Platzwunden, gebrochene Ellenbogen und Bänderrisse können Pacel Khachab nicht von seiner Leidenschaft abbringen: dem Skaten. Das Talent des 22-jährigen Münchners hat auch der Regisseur Philipp Dettmer entdeckt – und den Studenten prompt zum Protagonisten seines Subkultur-Films „Nightsession“ erwählt. Zu sehen ist er in der kostenlosen Open-Air-Reihe „Grind! Slide! Skate!“Immer wieder fährt Pacel Khachab die mit Graffiti vollgesprühte Rampe im Skaterpark im Englischen Garten hinauf. Nicht alle Nosegrinds, Bigspins oder Fliptricks steht er, und seine verschwitzte Haut schürft regelmäßig über den harten Beton. Doch er grinst nur, wischt sich den Dreck von der blutenden Wunde, steht wieder auf und nimmt von neuem Anlauf. Der Student gehört zu den besten Skatern Süddeutschlands. „Bis ich zehn Jahre alt war, habe ich mich noch für Fußball interessiert“, erzählt der 22-Jährige noch außer Atem. Dann habe ihn sein älterer Bruder zum Skaten gebracht. „Plötzlich gab es keinen Druck mehr durch Trainings oder Spieltage und ich habe mich komplett frei gefühlt“, sagt er und lacht.
In München wurde die letzte Skaterhalle geschlossen
Die Skaterszene an der Isar ist mit über 1000 Leuten überraschend groß. Viele von ihnen treffen sich regelmäßig in Skatershops, Skaterparks und so genannten Streetspots. „Das einzige Manko in
München ist, dass 2011 die letzte Skaterhalle geschlossen wurde“, klagt Khachab.
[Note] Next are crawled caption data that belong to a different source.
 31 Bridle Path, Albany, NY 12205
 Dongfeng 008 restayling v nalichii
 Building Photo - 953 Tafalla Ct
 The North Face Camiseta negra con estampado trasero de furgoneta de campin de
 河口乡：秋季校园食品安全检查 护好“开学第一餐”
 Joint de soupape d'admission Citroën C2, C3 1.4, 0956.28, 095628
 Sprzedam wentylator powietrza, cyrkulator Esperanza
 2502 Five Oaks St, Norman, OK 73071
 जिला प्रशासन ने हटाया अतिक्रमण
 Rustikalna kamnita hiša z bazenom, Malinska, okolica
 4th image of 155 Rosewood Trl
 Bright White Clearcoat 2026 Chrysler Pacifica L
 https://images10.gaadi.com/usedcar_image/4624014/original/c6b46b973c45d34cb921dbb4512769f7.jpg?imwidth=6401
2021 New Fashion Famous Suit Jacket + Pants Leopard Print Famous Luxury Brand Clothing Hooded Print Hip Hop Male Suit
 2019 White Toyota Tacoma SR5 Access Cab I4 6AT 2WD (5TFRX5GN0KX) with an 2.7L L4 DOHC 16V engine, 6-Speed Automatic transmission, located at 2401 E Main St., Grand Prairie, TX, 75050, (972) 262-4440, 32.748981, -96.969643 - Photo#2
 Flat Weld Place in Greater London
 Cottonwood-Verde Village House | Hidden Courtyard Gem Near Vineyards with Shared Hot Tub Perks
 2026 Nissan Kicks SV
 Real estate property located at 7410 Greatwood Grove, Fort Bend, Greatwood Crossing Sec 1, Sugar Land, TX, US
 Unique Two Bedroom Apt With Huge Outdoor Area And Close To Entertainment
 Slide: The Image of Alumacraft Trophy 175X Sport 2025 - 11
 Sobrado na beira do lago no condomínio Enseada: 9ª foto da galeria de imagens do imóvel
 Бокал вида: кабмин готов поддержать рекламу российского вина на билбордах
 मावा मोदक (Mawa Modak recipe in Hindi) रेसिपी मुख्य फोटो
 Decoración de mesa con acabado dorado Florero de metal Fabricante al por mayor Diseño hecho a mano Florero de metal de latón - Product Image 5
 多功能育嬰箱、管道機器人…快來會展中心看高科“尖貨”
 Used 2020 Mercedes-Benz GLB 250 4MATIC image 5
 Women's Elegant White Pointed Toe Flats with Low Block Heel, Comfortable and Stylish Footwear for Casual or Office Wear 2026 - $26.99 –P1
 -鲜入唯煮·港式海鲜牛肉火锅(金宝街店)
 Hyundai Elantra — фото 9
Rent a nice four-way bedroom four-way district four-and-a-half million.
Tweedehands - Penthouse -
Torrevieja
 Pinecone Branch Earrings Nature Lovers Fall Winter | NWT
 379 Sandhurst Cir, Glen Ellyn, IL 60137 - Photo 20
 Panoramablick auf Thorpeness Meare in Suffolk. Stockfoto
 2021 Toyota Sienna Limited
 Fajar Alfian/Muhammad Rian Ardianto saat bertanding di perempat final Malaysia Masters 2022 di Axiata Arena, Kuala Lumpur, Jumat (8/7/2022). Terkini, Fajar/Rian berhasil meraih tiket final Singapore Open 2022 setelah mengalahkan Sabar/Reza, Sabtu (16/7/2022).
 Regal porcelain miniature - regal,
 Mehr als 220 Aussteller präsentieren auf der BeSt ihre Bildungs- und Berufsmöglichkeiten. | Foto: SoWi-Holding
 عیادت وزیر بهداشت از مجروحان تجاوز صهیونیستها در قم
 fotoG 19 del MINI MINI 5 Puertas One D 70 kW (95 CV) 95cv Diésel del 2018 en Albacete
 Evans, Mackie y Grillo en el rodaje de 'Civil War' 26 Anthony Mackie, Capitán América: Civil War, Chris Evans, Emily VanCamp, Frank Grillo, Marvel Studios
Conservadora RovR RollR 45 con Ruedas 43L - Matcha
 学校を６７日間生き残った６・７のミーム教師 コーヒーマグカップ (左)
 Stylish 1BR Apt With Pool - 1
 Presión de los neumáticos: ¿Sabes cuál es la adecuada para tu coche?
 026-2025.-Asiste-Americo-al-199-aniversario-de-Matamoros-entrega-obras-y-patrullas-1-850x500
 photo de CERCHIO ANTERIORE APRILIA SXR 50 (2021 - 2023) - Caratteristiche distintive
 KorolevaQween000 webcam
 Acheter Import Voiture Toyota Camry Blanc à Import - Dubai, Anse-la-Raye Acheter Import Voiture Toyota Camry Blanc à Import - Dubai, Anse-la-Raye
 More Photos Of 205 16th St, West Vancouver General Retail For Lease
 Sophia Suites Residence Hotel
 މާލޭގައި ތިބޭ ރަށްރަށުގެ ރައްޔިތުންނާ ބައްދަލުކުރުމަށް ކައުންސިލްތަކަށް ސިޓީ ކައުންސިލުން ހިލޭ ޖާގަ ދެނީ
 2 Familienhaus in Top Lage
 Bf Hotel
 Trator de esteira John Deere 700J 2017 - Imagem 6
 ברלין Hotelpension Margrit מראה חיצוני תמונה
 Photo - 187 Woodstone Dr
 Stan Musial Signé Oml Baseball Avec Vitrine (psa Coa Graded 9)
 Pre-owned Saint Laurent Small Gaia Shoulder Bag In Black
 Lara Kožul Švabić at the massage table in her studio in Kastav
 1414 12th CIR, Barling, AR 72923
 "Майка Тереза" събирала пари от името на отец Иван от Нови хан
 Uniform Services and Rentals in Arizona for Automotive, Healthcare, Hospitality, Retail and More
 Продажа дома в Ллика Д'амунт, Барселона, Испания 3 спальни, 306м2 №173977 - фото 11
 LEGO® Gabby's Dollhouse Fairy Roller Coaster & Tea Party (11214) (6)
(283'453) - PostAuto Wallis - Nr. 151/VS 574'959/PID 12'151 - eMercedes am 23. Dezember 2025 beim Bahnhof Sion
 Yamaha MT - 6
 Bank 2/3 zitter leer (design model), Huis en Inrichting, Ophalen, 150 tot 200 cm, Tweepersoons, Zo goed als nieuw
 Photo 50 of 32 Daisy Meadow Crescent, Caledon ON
Während in Barcelona Bänke, Plätze und die gesamte Stadtarchitektur mit den vielen Metallplanken ideal zum Skaten sei, gebe es solche Plätze in München wenn überhaupt wohl nur unabsichtlich. „Manche behaupten, die Architekten in Barcelona müssen Skater gewesen sein, weil alles so perfekt ist“, erzählt er und grinst wieder. In München hingegen wurde einer der bestens Spots auf der Schwanthalerhöhe kürzlich sogar wegen Anwohnerbeschwerden geschlossen.
Auf Khachabs Talent aufmerksam wurde vor zwei Jahren auch der Regisseur Philipp Dettmer, der ihn als Profi für den Film Nightsession entdeckte. Mehrere Monate hat er nach den insgesamt vier Protagonisten gecastet. Die fiktionale Dokumentation begleitet die Jugendlichen bei einer nächtlichen Skatetour durch München: Wie sie kurz nach Sonnenuntergang über die Hackerbrücke fahren, wie sie mit einem Hellen in der Hand durch das Glockenbachviertel skaten, sich an Autos festhalten und wie sie nach einer spätsommerlichen Nacht beim Sonnenaufgang über die Theresienwiese fliegen. Dettmer wollte mit dem Film einer Nacht in seiner Jugend ein Denkmal setzen, als er selber noch Kanten entlang gekratzt, Ecken abgewetzt und über Bänke geslidet ist.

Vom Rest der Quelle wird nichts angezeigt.